I am finding it hard converting the review column in the guided to a floating pointing number.
Screen Link: https://app.dataquest.io/m/350/guided-project%3A-profitable-app-profiles-for-the-app-store-and-google-play-markets/5/removing-duplicate-entries-part-two
for app in google_data[1:]:
name = app
n_reviews = float(app)
I don’t know what is happening, python is not able to convert my review to a floating point number. I need help.
Below is the error code:
ValueErrorTraceback (most recent call last)
4 for app in google_data[1:]:
5 name = app
----> 6 n_reviews = float(app)
ValueError: could not convert string to float: ‘3.0M’

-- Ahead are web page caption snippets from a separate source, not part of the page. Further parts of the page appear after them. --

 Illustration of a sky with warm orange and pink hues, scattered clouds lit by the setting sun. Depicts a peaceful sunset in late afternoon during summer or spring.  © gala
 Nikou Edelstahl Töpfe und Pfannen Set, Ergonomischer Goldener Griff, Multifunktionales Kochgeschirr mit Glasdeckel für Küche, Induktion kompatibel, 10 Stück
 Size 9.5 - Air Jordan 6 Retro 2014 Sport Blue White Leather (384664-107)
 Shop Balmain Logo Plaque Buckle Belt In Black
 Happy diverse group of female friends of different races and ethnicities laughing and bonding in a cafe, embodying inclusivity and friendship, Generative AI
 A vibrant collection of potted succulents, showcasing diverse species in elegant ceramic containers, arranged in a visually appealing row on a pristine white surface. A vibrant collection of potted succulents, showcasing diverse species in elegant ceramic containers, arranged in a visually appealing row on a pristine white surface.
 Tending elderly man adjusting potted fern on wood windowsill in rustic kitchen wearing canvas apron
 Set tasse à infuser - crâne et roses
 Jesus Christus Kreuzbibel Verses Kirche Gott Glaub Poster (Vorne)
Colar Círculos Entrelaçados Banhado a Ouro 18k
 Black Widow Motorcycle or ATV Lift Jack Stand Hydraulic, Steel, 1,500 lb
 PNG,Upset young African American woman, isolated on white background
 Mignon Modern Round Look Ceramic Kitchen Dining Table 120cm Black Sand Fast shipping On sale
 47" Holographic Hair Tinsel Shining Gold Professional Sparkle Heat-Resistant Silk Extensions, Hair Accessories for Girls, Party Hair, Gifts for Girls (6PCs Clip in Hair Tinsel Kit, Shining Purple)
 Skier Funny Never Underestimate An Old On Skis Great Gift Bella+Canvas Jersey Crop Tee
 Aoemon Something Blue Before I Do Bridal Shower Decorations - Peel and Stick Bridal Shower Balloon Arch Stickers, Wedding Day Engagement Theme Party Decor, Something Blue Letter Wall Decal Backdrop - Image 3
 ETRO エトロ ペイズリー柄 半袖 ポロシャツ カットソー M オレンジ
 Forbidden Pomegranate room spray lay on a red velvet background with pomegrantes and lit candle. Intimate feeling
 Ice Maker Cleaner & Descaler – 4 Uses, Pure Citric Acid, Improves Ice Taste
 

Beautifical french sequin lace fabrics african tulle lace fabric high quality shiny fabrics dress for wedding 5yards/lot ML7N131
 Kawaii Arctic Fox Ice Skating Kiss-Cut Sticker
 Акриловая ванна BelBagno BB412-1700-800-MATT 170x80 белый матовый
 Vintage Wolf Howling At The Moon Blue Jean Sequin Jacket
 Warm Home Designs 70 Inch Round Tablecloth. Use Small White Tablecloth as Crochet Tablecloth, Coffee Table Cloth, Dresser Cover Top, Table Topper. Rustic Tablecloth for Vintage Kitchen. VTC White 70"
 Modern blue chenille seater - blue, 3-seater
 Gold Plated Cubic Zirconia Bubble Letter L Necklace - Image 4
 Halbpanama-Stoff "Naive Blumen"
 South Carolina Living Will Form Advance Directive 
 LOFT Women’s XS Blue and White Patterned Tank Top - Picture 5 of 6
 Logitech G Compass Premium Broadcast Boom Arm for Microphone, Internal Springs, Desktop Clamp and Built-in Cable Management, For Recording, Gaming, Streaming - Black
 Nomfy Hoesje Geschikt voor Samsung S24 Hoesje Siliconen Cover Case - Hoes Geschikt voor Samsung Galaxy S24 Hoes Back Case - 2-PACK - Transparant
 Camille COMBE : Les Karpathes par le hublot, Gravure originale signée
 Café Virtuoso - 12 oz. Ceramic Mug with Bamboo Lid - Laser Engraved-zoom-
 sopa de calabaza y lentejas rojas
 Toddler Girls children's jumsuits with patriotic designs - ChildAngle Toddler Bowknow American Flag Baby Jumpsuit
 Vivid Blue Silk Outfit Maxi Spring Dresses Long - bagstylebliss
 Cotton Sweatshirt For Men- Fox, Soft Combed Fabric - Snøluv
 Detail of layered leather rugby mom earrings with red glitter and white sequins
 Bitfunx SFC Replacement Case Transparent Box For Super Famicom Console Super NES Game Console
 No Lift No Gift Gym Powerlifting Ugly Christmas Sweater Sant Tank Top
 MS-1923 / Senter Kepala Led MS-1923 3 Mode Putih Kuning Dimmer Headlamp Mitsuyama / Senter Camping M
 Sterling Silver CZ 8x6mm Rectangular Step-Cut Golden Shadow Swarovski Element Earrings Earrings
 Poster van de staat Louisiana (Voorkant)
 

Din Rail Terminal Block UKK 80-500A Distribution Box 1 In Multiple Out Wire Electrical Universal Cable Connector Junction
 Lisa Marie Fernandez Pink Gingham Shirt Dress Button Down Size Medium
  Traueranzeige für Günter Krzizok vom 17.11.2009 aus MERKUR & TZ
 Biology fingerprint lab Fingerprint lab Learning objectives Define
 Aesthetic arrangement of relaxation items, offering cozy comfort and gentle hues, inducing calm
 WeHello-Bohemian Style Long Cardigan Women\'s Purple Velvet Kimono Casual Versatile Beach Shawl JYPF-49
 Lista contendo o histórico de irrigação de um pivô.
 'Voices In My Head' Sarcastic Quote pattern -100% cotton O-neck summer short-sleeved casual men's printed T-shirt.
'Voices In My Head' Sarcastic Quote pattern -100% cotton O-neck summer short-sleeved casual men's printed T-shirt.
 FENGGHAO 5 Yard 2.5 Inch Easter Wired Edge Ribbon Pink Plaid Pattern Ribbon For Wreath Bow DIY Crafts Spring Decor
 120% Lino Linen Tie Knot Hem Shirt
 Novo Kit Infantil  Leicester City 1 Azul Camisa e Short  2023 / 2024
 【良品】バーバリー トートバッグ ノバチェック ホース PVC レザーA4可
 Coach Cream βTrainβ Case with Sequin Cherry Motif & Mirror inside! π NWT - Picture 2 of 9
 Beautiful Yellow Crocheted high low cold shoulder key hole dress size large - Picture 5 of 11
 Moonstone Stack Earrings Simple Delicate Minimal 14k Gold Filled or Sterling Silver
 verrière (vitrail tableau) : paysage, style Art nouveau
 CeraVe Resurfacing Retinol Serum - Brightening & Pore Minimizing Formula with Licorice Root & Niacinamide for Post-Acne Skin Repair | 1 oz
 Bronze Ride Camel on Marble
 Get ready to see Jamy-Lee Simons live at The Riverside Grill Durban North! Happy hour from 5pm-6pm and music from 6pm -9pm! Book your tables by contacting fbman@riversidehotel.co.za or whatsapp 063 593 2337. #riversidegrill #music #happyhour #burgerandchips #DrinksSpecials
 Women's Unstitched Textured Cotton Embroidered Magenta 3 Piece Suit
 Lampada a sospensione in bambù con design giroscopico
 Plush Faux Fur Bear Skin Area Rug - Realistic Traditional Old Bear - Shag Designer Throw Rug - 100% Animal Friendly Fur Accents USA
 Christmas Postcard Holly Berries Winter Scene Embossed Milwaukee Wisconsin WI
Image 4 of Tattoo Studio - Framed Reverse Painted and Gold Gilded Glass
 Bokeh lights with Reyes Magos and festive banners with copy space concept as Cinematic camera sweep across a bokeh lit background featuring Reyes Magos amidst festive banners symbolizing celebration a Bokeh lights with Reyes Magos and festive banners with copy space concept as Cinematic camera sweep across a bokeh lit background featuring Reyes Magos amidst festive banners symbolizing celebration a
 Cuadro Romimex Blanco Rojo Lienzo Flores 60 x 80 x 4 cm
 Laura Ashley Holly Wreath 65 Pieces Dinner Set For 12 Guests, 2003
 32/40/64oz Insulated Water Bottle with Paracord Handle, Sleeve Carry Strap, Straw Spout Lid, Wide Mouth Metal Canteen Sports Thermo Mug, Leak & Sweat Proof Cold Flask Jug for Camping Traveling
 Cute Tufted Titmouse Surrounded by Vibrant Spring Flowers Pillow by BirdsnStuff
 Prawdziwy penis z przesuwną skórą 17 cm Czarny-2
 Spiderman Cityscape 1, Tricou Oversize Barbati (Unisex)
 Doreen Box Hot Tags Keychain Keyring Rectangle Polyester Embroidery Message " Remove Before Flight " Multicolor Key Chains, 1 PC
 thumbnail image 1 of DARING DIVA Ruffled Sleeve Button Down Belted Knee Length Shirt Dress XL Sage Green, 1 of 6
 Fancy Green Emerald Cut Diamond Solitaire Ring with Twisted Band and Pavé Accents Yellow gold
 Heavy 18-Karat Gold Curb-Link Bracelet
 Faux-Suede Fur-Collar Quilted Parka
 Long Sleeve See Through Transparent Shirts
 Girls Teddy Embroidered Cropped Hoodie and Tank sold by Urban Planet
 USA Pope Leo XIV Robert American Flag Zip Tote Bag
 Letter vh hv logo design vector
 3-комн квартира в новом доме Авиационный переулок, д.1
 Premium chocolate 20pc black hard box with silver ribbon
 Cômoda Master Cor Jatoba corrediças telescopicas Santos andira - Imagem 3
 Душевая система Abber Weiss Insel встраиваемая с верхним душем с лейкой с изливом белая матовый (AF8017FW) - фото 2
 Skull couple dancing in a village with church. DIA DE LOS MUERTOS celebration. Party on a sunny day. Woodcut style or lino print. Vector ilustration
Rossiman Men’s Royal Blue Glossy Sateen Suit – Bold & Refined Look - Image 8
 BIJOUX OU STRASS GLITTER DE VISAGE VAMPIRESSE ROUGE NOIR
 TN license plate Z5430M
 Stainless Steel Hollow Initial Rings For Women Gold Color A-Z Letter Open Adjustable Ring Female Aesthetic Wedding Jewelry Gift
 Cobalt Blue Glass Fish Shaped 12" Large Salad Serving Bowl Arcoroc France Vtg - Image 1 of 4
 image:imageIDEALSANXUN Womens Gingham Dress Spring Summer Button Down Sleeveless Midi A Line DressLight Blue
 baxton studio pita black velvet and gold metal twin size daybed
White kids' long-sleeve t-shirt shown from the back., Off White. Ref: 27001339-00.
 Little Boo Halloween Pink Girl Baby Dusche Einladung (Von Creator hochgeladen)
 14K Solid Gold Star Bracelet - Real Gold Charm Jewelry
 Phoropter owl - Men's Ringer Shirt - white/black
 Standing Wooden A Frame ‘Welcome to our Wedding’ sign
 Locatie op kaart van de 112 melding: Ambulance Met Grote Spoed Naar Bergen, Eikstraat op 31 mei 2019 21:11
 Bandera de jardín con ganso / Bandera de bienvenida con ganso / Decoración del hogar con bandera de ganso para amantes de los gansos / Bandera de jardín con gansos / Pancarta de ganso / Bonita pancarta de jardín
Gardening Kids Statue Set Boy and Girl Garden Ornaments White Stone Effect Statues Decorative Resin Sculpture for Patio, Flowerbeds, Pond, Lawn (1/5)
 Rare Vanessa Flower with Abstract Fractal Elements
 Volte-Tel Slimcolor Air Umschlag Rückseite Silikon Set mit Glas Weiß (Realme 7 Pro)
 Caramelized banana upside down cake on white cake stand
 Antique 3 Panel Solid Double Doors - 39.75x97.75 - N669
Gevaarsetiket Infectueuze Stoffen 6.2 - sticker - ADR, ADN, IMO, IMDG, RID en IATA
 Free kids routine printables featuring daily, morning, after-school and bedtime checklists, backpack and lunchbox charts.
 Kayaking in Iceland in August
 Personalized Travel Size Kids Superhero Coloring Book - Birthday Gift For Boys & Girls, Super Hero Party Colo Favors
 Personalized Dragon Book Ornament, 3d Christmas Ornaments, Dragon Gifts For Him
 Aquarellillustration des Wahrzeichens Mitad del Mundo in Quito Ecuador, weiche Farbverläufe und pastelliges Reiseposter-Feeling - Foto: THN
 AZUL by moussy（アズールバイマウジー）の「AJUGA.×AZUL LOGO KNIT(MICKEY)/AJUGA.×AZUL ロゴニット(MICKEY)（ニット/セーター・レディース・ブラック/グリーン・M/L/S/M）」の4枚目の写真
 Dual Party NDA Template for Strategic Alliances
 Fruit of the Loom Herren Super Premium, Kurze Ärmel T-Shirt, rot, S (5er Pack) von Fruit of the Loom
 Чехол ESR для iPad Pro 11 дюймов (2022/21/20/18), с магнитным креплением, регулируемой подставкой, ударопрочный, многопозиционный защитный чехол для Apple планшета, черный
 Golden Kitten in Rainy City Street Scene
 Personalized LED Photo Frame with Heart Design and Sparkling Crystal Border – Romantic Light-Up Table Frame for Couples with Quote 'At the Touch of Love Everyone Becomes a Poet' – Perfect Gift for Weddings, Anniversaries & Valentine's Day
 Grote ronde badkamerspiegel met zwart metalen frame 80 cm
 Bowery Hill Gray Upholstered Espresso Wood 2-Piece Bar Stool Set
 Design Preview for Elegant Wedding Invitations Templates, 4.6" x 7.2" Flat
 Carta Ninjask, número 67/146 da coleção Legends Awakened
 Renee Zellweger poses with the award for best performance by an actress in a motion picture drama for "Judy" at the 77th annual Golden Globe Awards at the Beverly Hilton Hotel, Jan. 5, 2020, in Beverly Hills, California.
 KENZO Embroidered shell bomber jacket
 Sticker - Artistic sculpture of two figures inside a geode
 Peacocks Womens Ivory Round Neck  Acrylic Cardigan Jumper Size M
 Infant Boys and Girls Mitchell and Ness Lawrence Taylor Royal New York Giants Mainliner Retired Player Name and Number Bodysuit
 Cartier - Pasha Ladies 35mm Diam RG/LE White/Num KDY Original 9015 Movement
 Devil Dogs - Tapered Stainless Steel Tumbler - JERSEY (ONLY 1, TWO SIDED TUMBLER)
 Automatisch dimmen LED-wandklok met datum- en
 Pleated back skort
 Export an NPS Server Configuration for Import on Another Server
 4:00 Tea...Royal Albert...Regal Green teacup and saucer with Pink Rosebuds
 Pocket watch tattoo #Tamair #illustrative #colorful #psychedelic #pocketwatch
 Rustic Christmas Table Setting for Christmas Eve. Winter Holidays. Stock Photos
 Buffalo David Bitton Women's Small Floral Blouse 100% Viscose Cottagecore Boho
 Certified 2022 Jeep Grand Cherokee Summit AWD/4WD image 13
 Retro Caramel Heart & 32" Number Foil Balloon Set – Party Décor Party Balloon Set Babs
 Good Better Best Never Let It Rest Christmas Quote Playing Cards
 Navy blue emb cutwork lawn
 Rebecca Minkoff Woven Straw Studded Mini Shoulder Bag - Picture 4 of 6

you are getting this error because you can’t covert the string
'3.0M' to float, form me to resolve the problem I removed the row containing this review value when I was cleaning the data because there is missing data in this row
['Life Made WI-Fi Touchscreen Photo Frame',
'February 11, 2018',
'4.0 and up']
Welcome to our Dataquest Community.
You are getting this error because you missed the instructions of slide 3 of Guided Project: Profitable App Profiles for the App Store and Google Play Markets.
@bahmed21 is correct about the instructions in slide 3
Deleting Wrong Data.
Thanks, it has been solved. And I really appreciate.
I’ coming across the same issue. I did delete the row data as instructed in slide 3. My code also matches the solution code posted on github. However, the same error still appears.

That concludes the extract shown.